James Birdseye McPherson
Дата рождения

14 ноября 1828(1828-11-14)

Место рождения

Клиде, Огайо

Дата смерти

22 июля 1864(1864-07-22) (35 лет)

Место смерти

Атланта, Джорджия

Принадлежность

Соединённые Штаты Америки

Род войск

армия США

Годы службы

1853 - 1864,

Звание

генерал-майор

Командовал

Теннессийская армия

Сражения/войны

Гражданская война в Америке

Джеймс Бердсей Макферсон (James Birdseye McPherson) (14 ноября 1828 — 22 июля 1864) — кадровый офицер американской армии, служил генералом армии Союза во время американской гражданской войны. Был убит в сражении при Атланте, и стал таким образом вторым из генералов высшего ранга, погибших на поле боя.





Ранние годы

Макферсон родился около Клиде, в штате Огайо. Он поступил в академию Норволк в Огайо, затем учился в академии Вест-Пойнт, которую окончил в 1853 году первым из своего класса. В одном класе с ним учились Филип Шеридан, Джон Скофилд и Джон Белл Худ. Макферсон был определен в инженерный корпус во временном звании младшего лейтенанта. В течение года после выпуска он служил в Вест-Пойнте ассистентом инструктора практической инженерии, а с 1854 по 1857 служил ассистентом инженера при сооружении укреплений в бухте Нью-Йорка. В 1857 году он управлял строительством форта Делавер, а в 1857—1861 годах управлял сооружением укреплений на острове Алькатрас в Сан-Франциско.

Гражданская война

Когда началась война, Макферсон находился на службе в Сан-Франциско, но попросил перевести его в Инженерный Корпус, полагая, что служба на Востоке выгоднее для карьерного роста. 1 августа 1861 года он покинул Калифорнию, прибыл в Нью-Йорк и попросил места в штабе генерал-майора Генри Хэллека. Получив его ( в звании капитана инженерных войск), он отправился в Сент-Луис в Миссури.
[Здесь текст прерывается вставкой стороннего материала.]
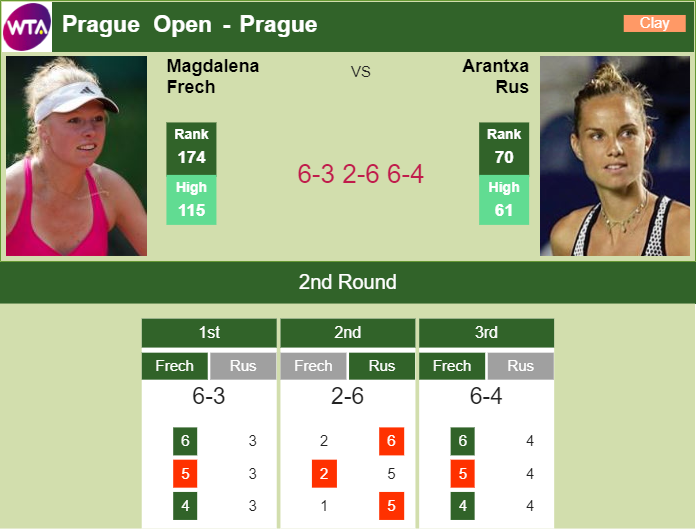 PRAGUE. Magdalena Frech stuns Rus in the 2nd round of the Prague Open Prediction and head to head Magdalena Frech vs. Arantxa Rus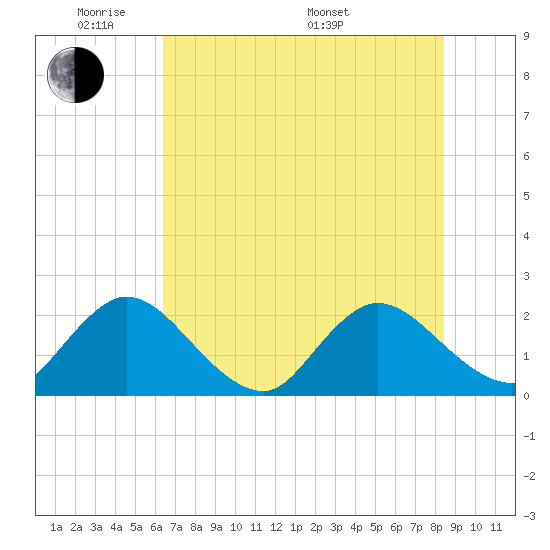 Moncrief Creek tide chart for Wednesday, June 2, 2021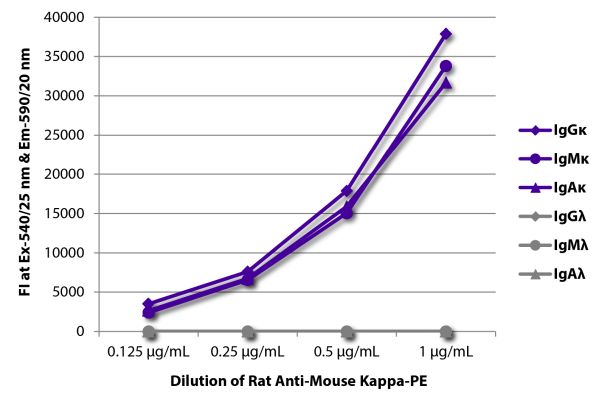 Abbildung: Ratte IgG anti-Maus Kappa (leichte Kette)-RPE, MinX keine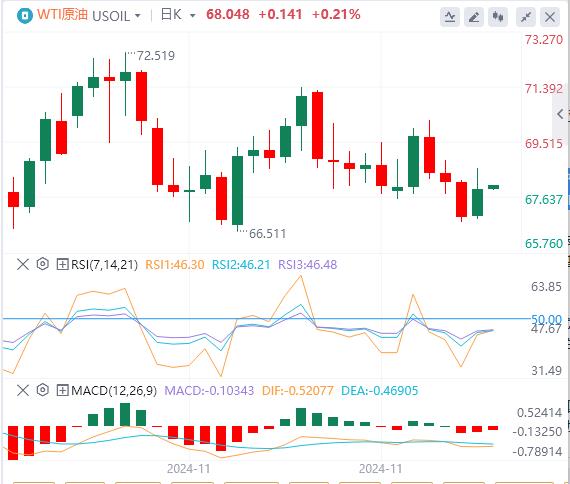 【富拓外汇市场评论】：美元指数重回106关口上方 黄金、白银、中国资产大爆发！(图5)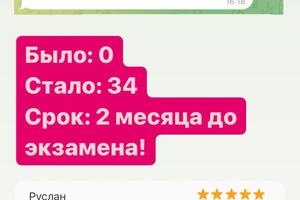 Портфолио №42 — Щипакина Анна Владимировна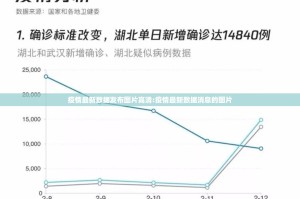 疫情最新数据发布图片高清:疫情最新数据消息的图片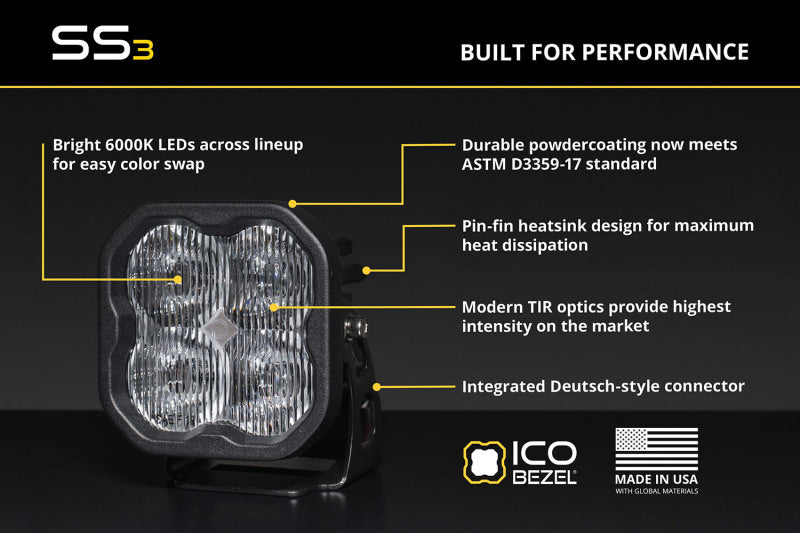 Diode Dynamics 00-07 Toyota Tundra/Sequoia SS3 LED Foxbeam Fog Light Kit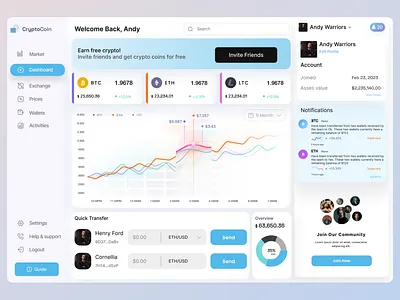 Crypto Dashboard cryptocurrency dashboard design figma interface landingpage page ui user user interface design userexperience userinterface ux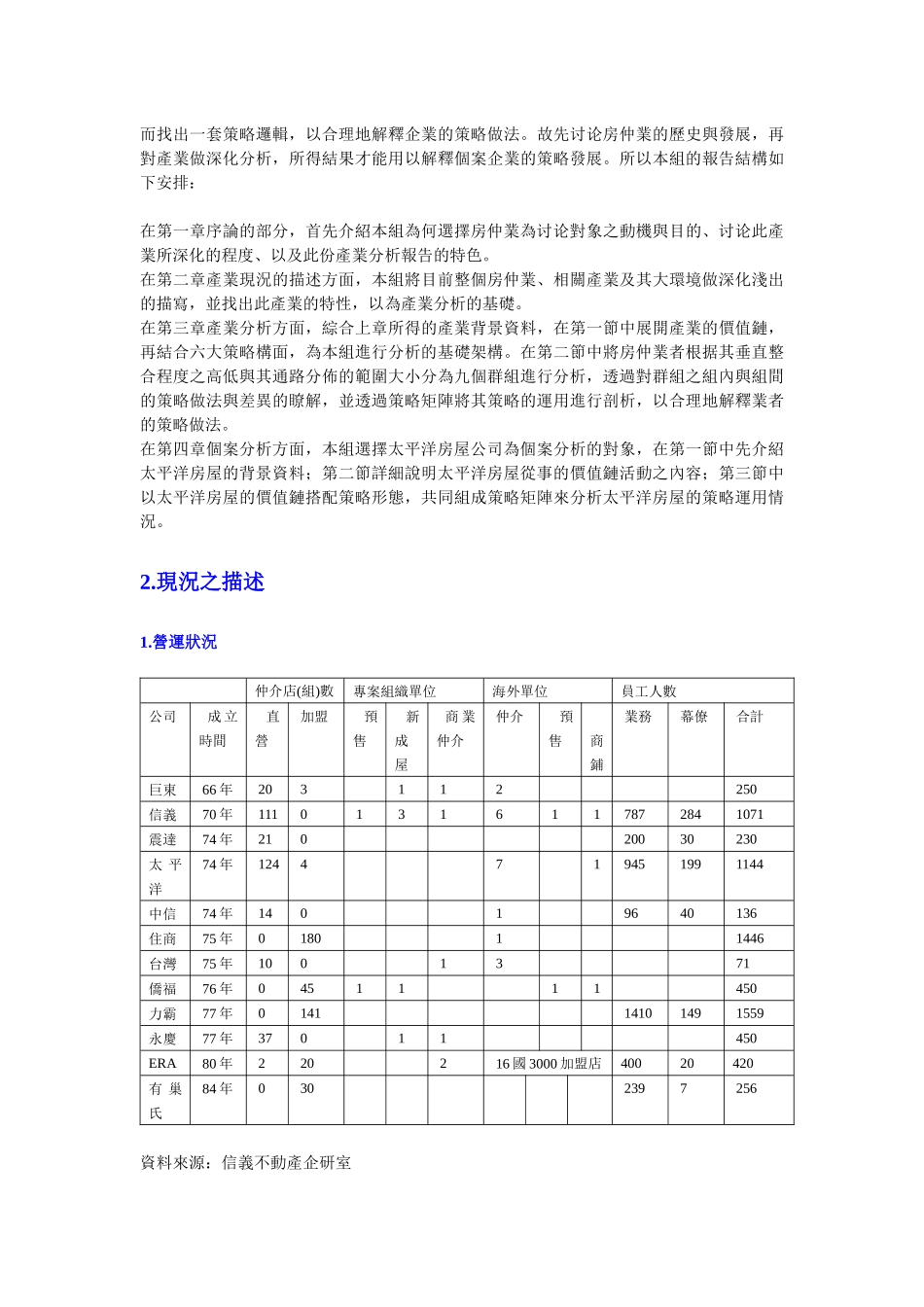 房屋仲介产业分析及太平洋房屋企业策略分析_第2页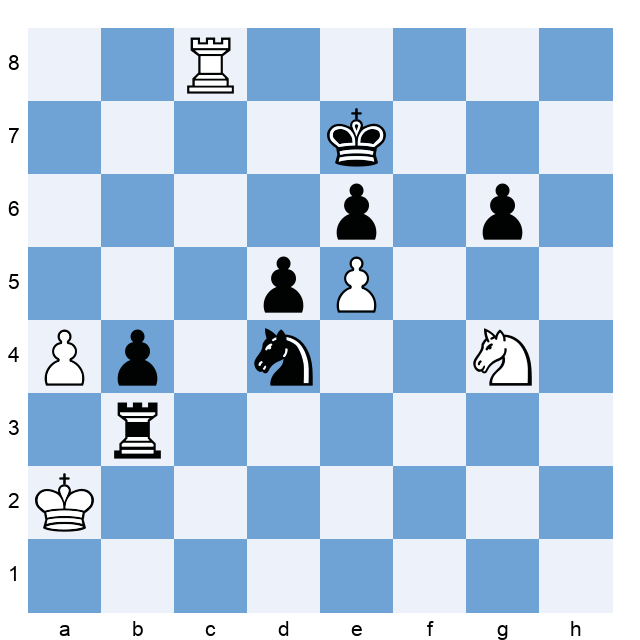 Xadrez é arte - Magnus Carlsen vs Hikaru Nakamura! Foto: Tata Steel Chess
На Западе Макферсон участвовал в сражениях за форт-Генри и форт-Донельсон, получив в это время звание подполковника и должность главного инженера в армии Улисса Гранта. Во время сражения при Шайло он находился при штабе Гранта в звании полковника, а после сражения был повышен до бригадного генерала. 8 октября 1862 года его повысили до генерал-майора и вскоре поручили командовать XVII корпусом в Теннессийской армии Гранта. После того, как командир Теннессийской армии, Уильям Шерман стал главнокомандующим армиями на Западе,а Макферсон занял его место. Армия Макферсона стала правым крылом армии Шермана, в которую входили еще Огайская и Камберлендская армии. На тот момент армия насчитывала 25 000 человек и состояла из XV корпуса Джона Логана, XVI корпуса Гренвилля Доджа и 2-й дивизии из XVII корпуса, которым после Макферсона командовал генерал Блэр.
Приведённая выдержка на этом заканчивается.